In another sign that the coronavirus pandemic is waning, Georgia Chief Justice Harold Melton announced Friday the statewide judicial emergency he first declared in March of last year is about to end.

Following a meeting with members of the state’s Judicial Council, Melton told judges across the state he does not expect the emergency to extend beyond June 30.

On Monday, when the last of a series of emergency orders Melton has issued expires, he said he plans to issue a formal notice terminating the state of emergency effective at the end of the month.
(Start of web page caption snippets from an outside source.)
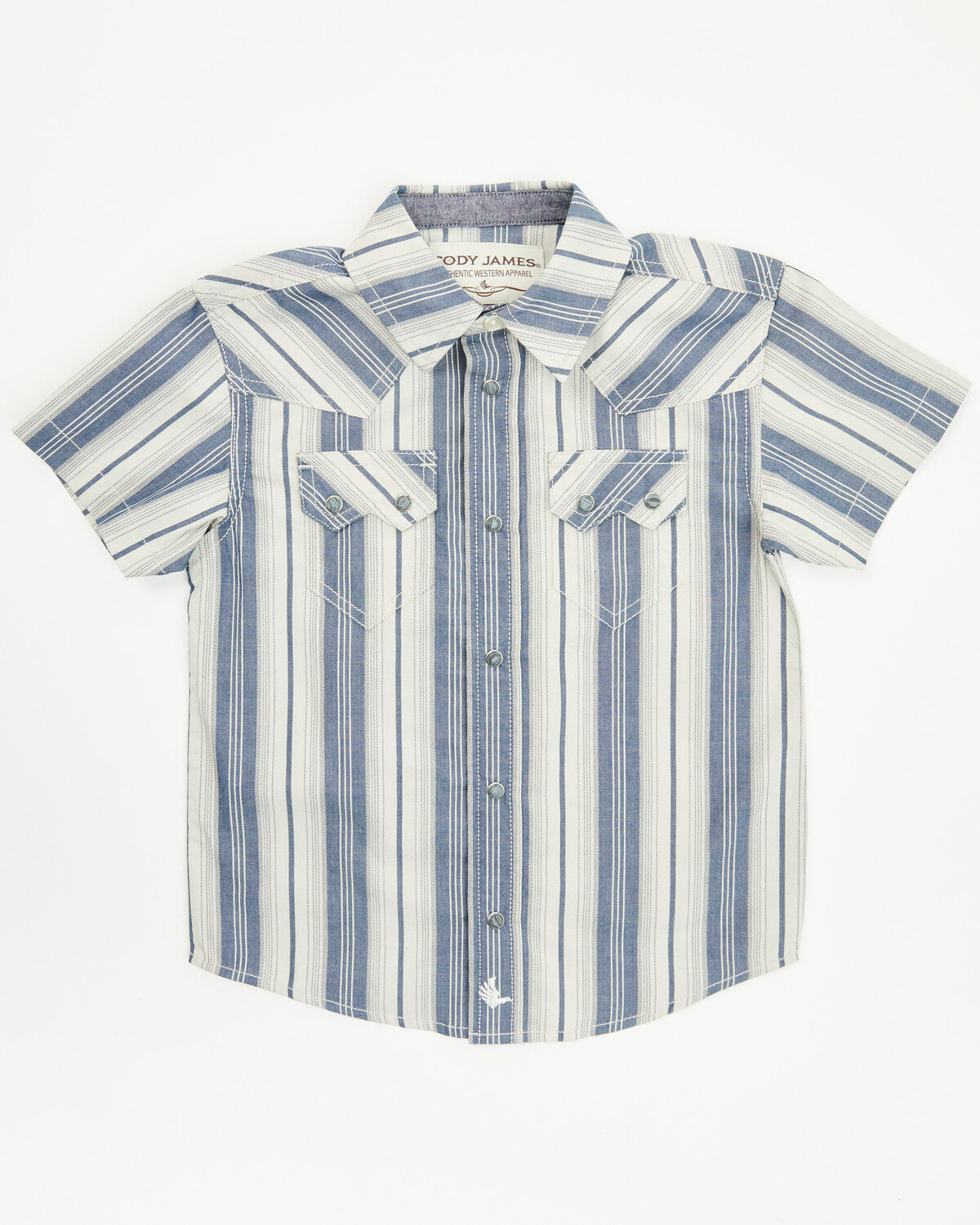 Cody James Toddler Boys' Roman Striped Short Sleeve Snap Western Shirt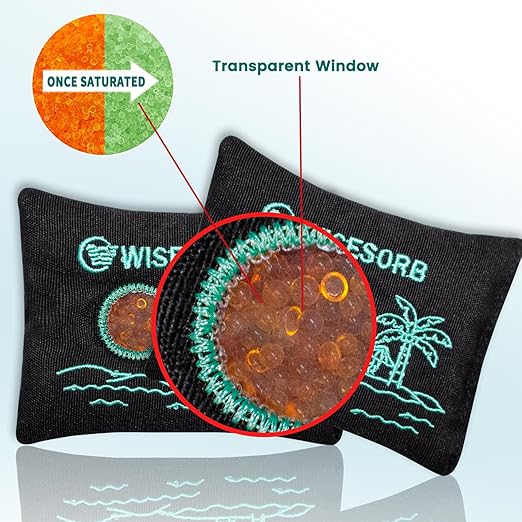 Wisesorb 100g x 5pcs Rechargeable Desiccant Packs, Reusable Car Dehumidifier Bags Color Indicating Silica Gel Packets Moisture Absorbers for Storage Bins, Suitcase, Safe, 3D Filaments, Electronics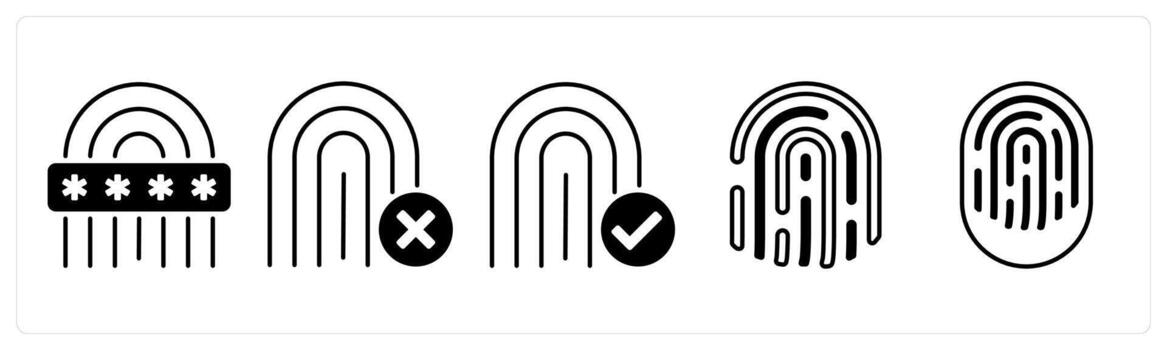 A set of 5 mix icons as biometric, fingerprint mismatch, fingerprint matched in black color vector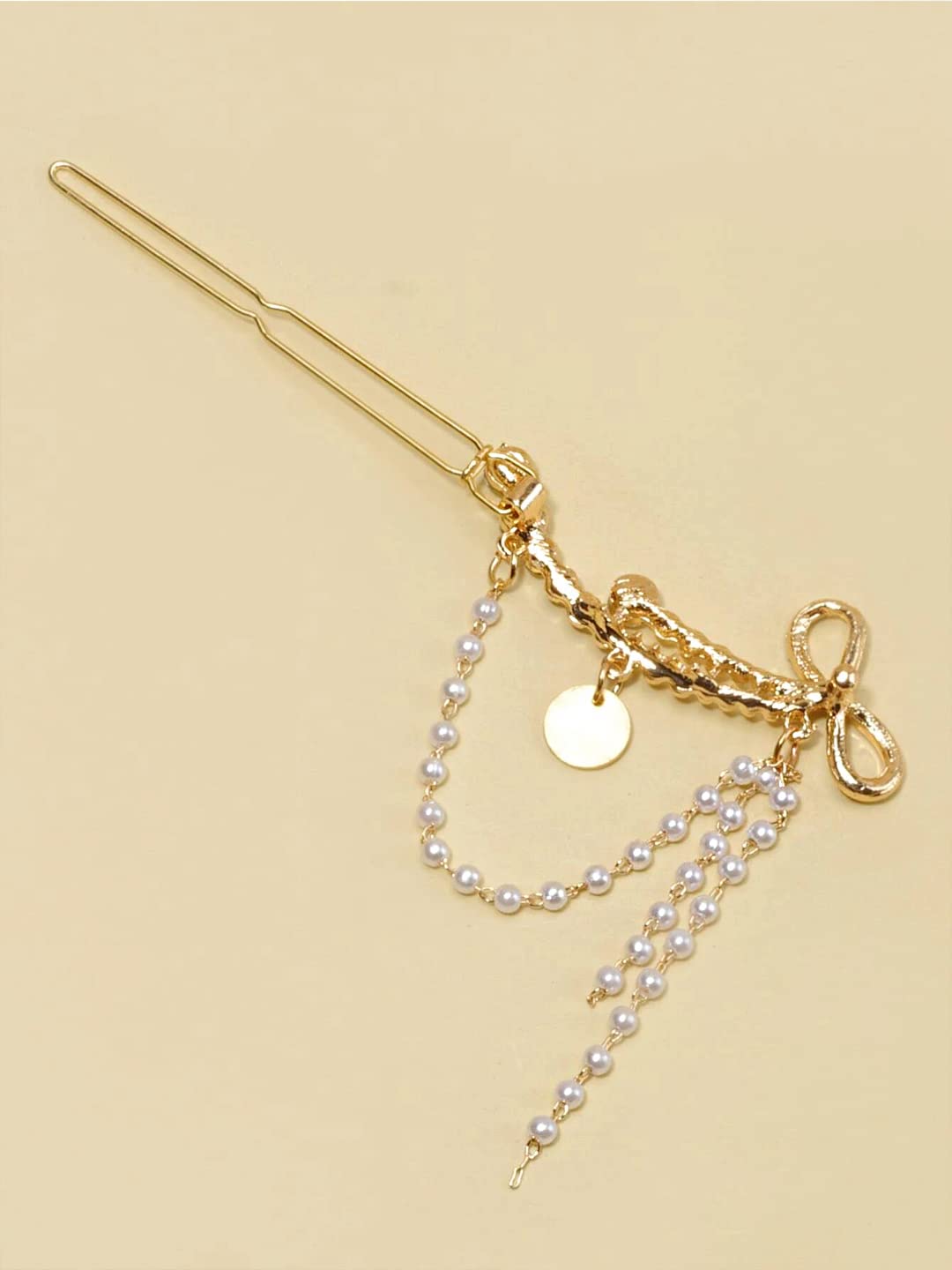 Yellow Chimes Bow Hair Pin - Party wear accessory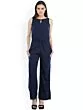 Blue Solid Basic Jumpsuit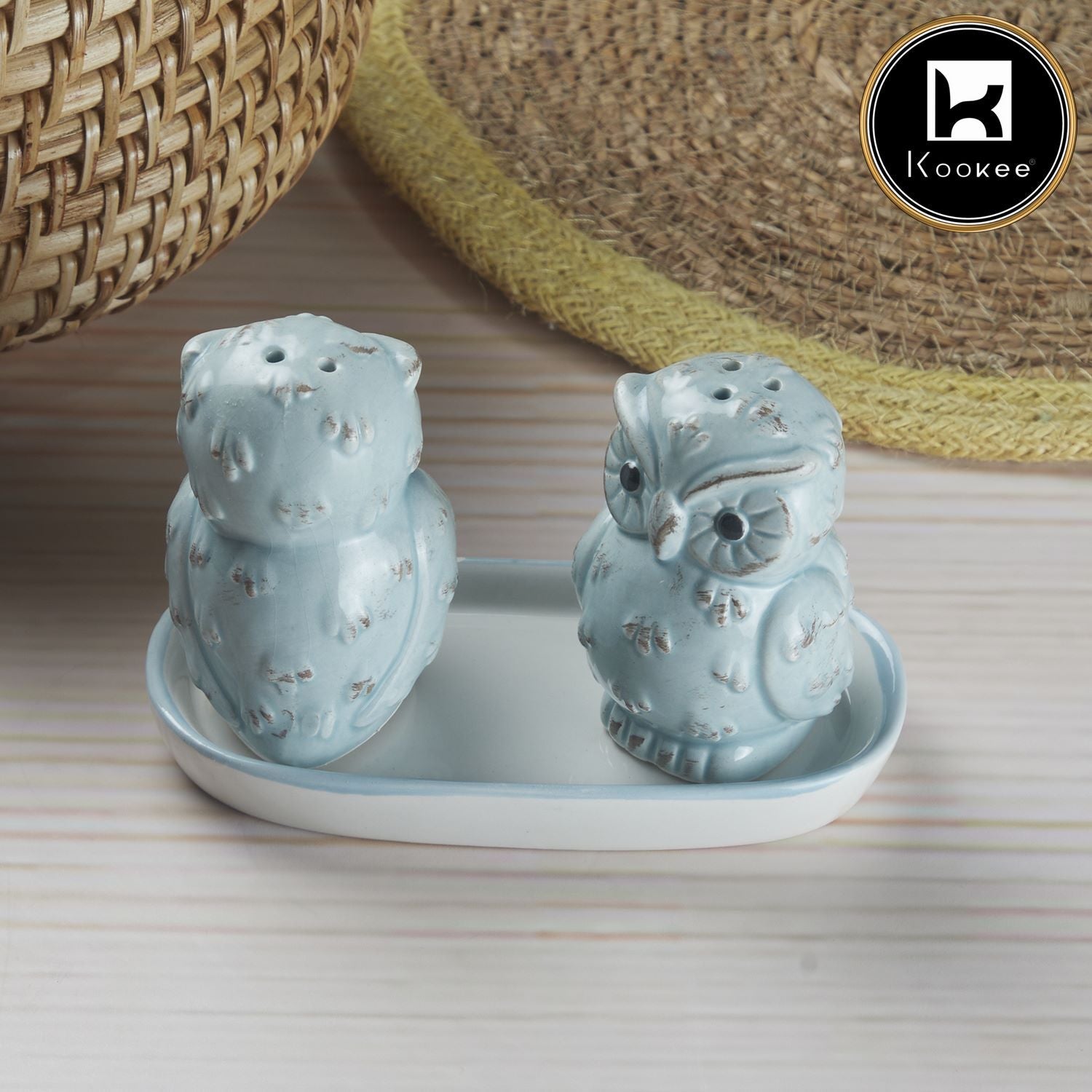 Ceramic Salt and Pepper Set with tray, Owl Design, Blue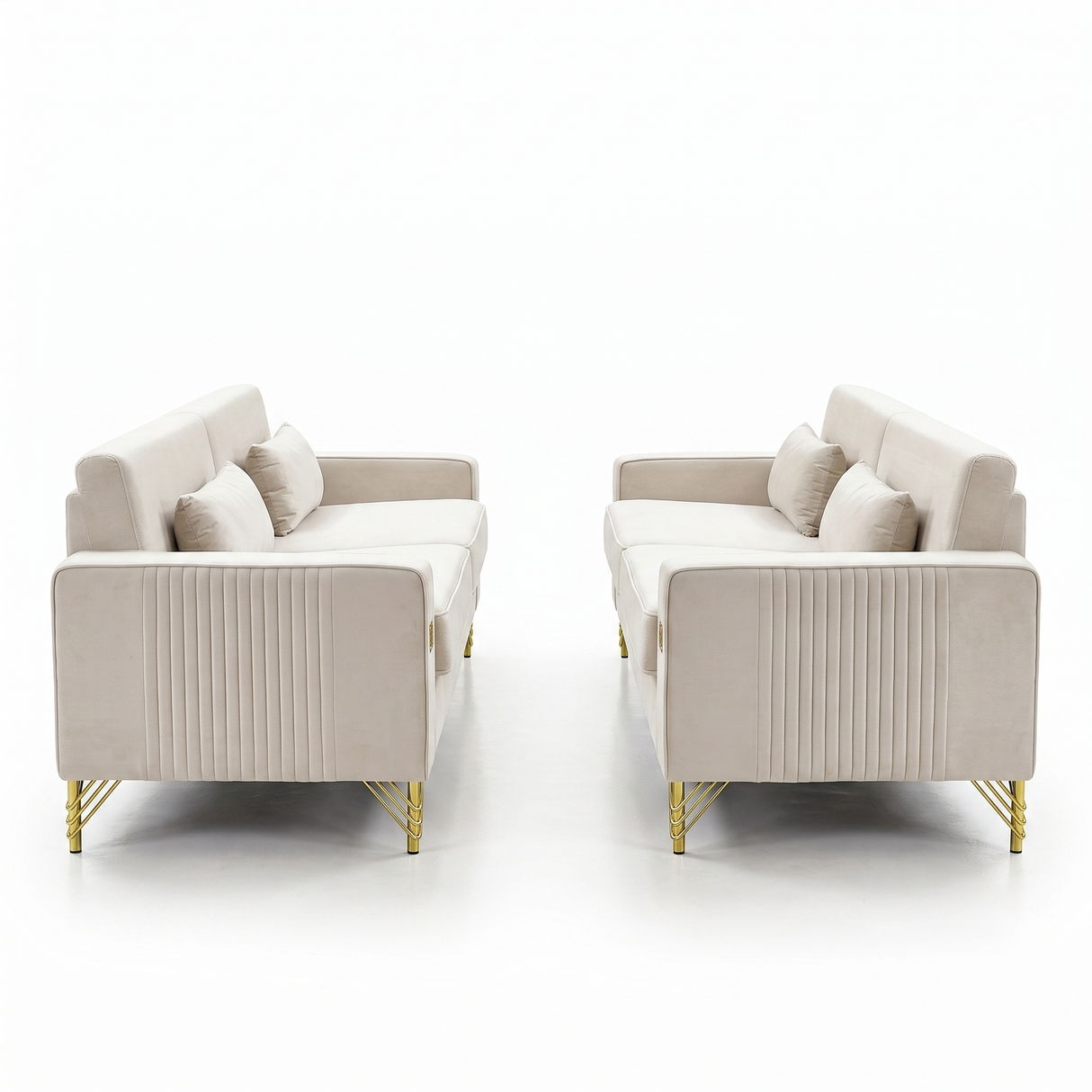 Ivory White 2-Piece Velvet Sofa Set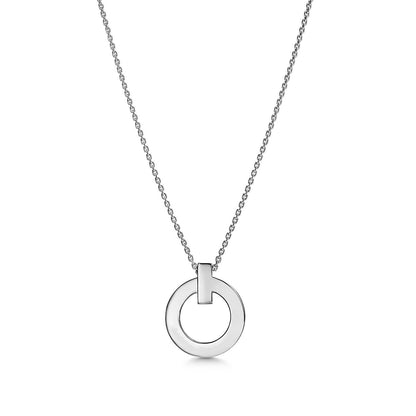 [Glow Muse ]T CIRCLE PENDENT SILVER NECKLACE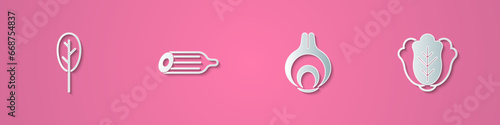 Set paper cut Spinach, Fresh cucumber, Onion and Cabbage icon. Paper art style. Vector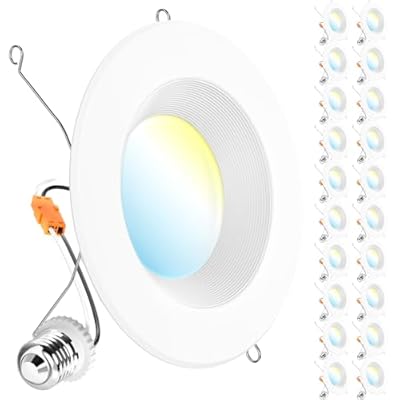 Sunco 20 Pack 5CCT LED Recessed Lighting 6 Inch, 2700K/3000K/3500K/4000K/5000K Selectable, Dimmable Can Lights, Baffle Trim, 13W=75W, 965LM, Damp Rated, Retrofit Installation - UL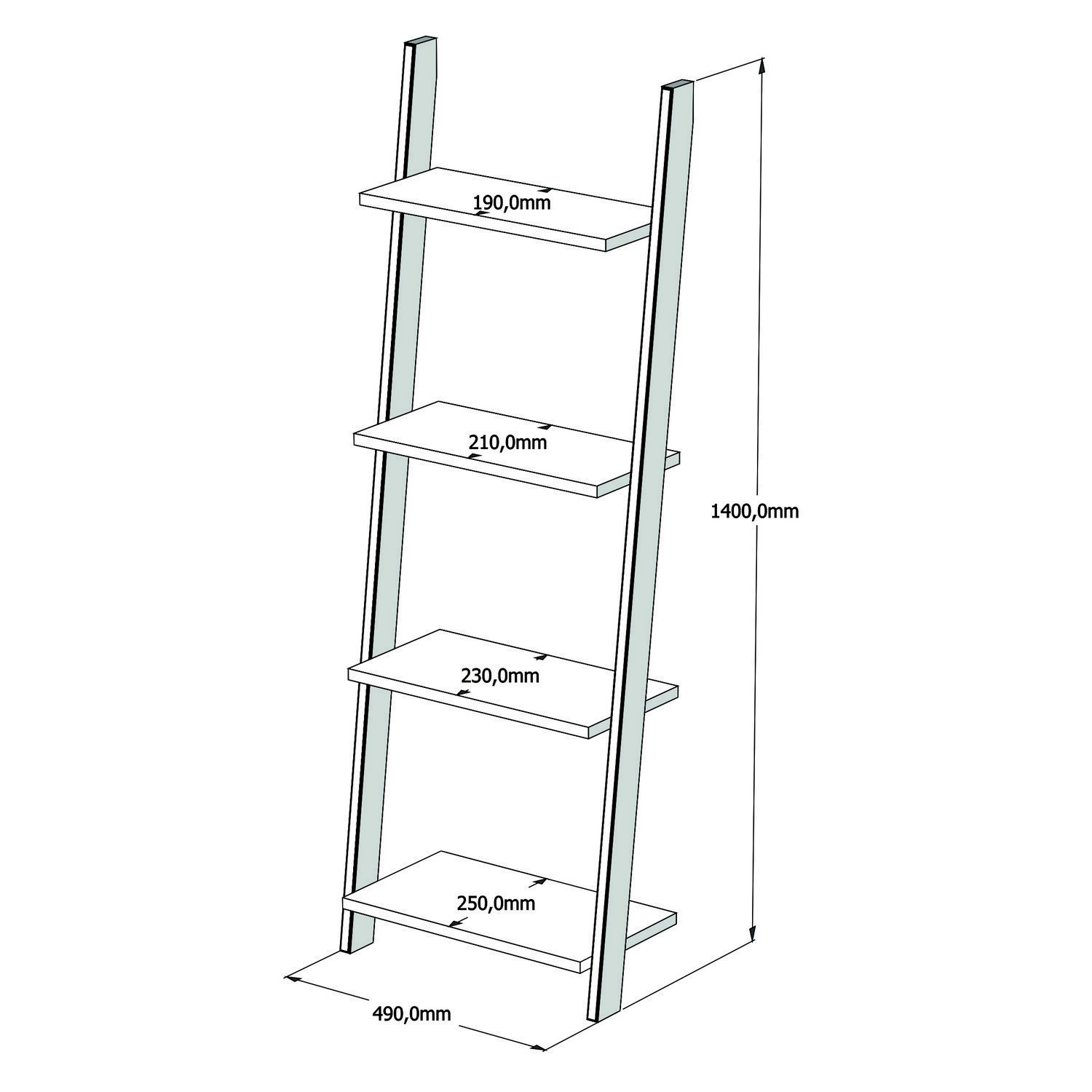 Prateleira tipo escada branca com medidas em milímetros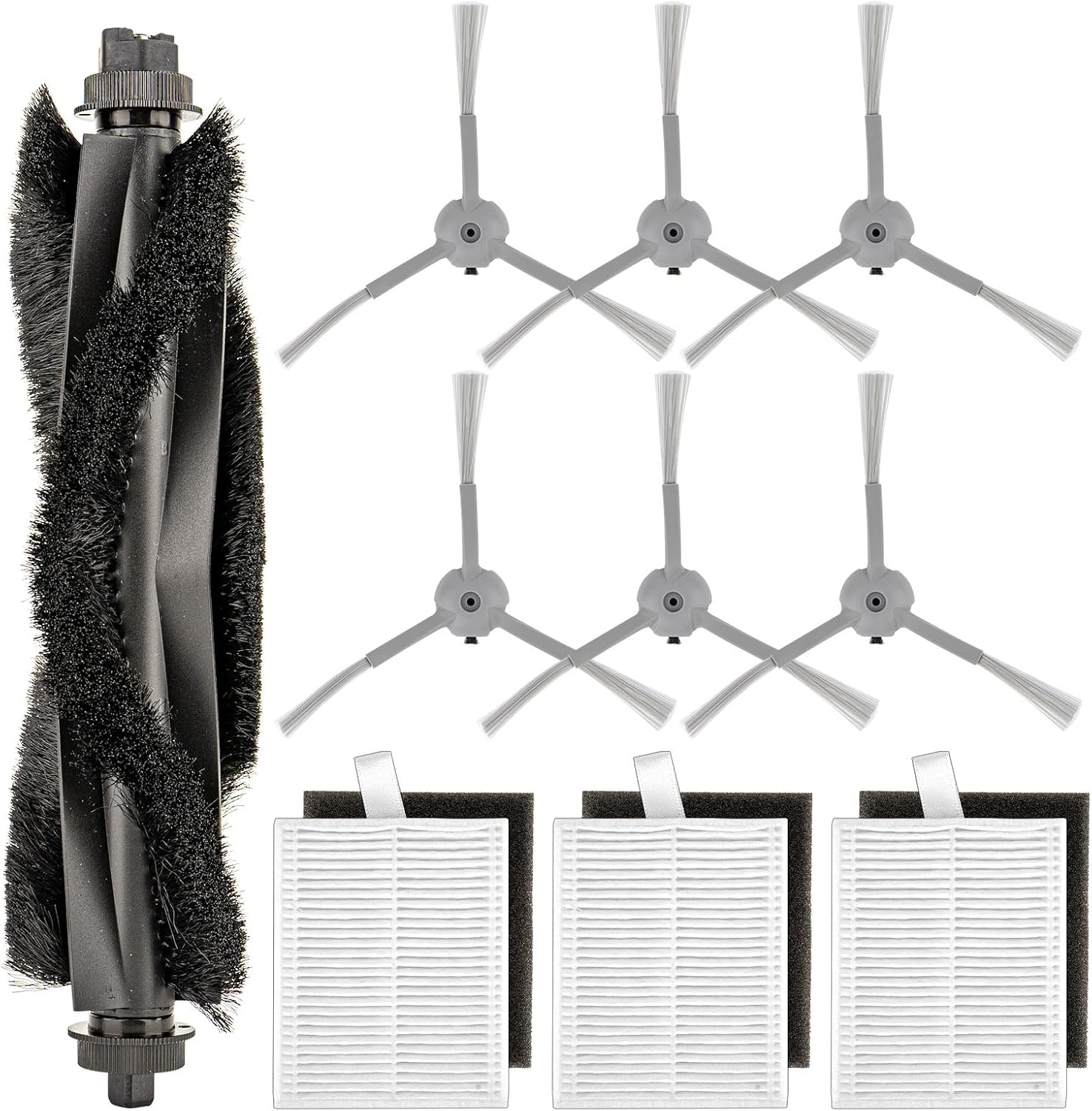 (10 Pack) L60 L50 Replacement Parts Compatible with eufy L60, L60 Hybrid, L60 SES, L50 SES, L50 Series Robot Vacuum, Accessories Kit, 1 Roller Brush, 3 HEPA Filters & Foam Filters, 6 Side Brushes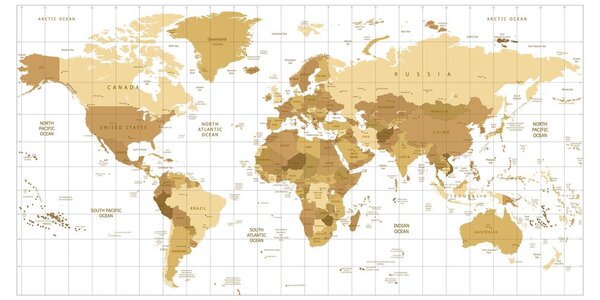 Obraz na korku béžová mapa sveta na svetlom pozadí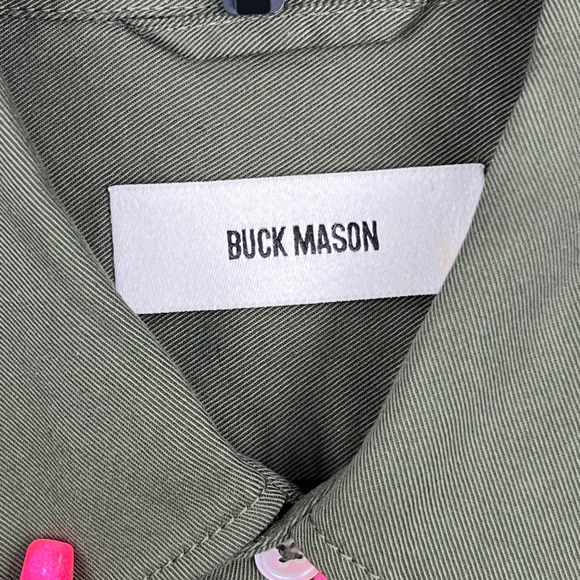 Buck Mason Palm Vintage Camp Cotton Button Down Army Green Shirt Mens Size: M - Picture 4 of 7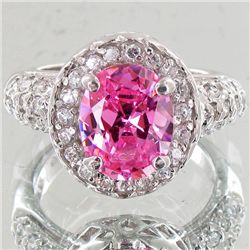 31.26twc Pink Lab Diamond White Gold Vermeil/925 Ring (JEW-3982)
“We’ve been looking at the trend lines in the governor’s public health emergency orders based on revised CDC guidelines and the decline in COVID-19 rates across the state,” Melton said.

“Because I am doubtful that the governor will continue the public health emergency beyond June 30, 2021, I do not expect to issue another order extending beyond June 30 the statewide judicial emergency that has been in place for nearly 15 months already.”

Melton reiterated previous advice that courts and lawyers across Georgia prepare to operate without a statewide judicial emergency in place.

“It will take hard work, creativity, and cooperation to get our courts back to full operations and to resolve the large backlogs of cases that have accumulated due to the restrictions the pandemic required,” he said.

With the statewide emergency order expiring, the chief judges of Georgia’s 49 superior court judicial circuits will have statutory authority to issue local orders to suspend certain legal deadlines and designate alternative court facilities.

Also, under legislation the General Assembly passed this year, the chief judges of superior and state courts will have authority to grant relief from statutory speedy trial requirements in criminal cases for a limited time based on the circumstances in a particular county.

For their part, judges will control the management and operations of their courts, including access to courthouses and courtrooms, which proceedings will be conducted remotely and which will be in-person, and public health precautions for in-person proceedings such as wearing masks and social distancing.

“I am very proud of how nimble and committed our courts have been throughout the entire pandemic to ensure the public health of all those who come to our courts, while safeguarding the rights of Georgia’s citizens,” Melton said. “Our local courts are equipped and ready to carry the load the rest of the way.”